Listener No 4587, Of Course: A Setter’s Blog by Malva

Posted by Listen With Others on 19 January 2020

I have to admit it came as a pleasant surprise to learn Of Course would appear during the festive season, and for a few deluded moments, I even considered the possibility of my puzzles becoming as much a Christmas tradition as watching The Guns of Navarone, picking up the poinsettia leaves that start dropping off 30 minutes after you get it home and wondering if there’s any connection between inadvertently forgetting the binmen’s Christmas box and finding our wheelie bin up a tree at the end of the road.

Realistically, I suppose there’s not much chance of my puzzles becoming a seasonal staple, so I’ll just have to content myself with the traditions I’ve helped establish over the years. Like us hosting the Boxing Day extended family bash for a good while, in which, spookily enough, words featured large in the post-prandial games.

There was the dictionary game, where you had to come up with definitions for obscure words (you can tell how long ago it was by the fact that you could say polenta was a South American burrowing rodent and everyone reckoned that was spot on). Then there was the letter game, where you had to compile a long list of things beginning with a randomly chosen letter, but that had its own holly-hued headaches, especially when Aunty Olga would have a nuclear strop because she insisted Yugoslavia began with a J, which was a tad irrelevant because the chosen letter was F, and Uncle Russell had already given himself three points for Fasso, Burkina and no-one wanted to play after that.

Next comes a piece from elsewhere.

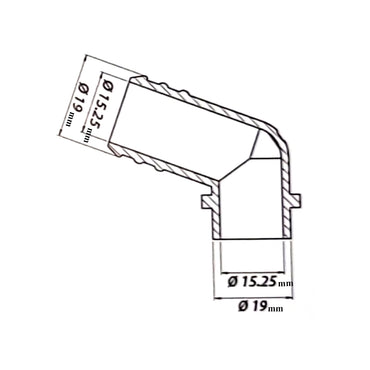 Elbow for Reducer Ø19 with O-ring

Usually, by about seven, there had been enough cross words to fill the other 51 weeks of the year and the assembled crew trotted off and we were just left with about six hundredweight of washing-up and not a single morsel (or ort as most solvers would say) of uneaten food apart from a bucket of Cousin Helen’s homemade chestnut stuffing, which I eventually used to waterproof the porch roof where a couple of the tiles had slipped.

OK, so Of Course won’t be setting any Yuletide precedents and probably a proportion of solvers will be hoping I at least follow New Year tradition by resolving to create just one more avian puzzle at the most – obviously to be completed using a feather quill and delivered to John Green by carrier pigeon. But then, who makes resolutions any more?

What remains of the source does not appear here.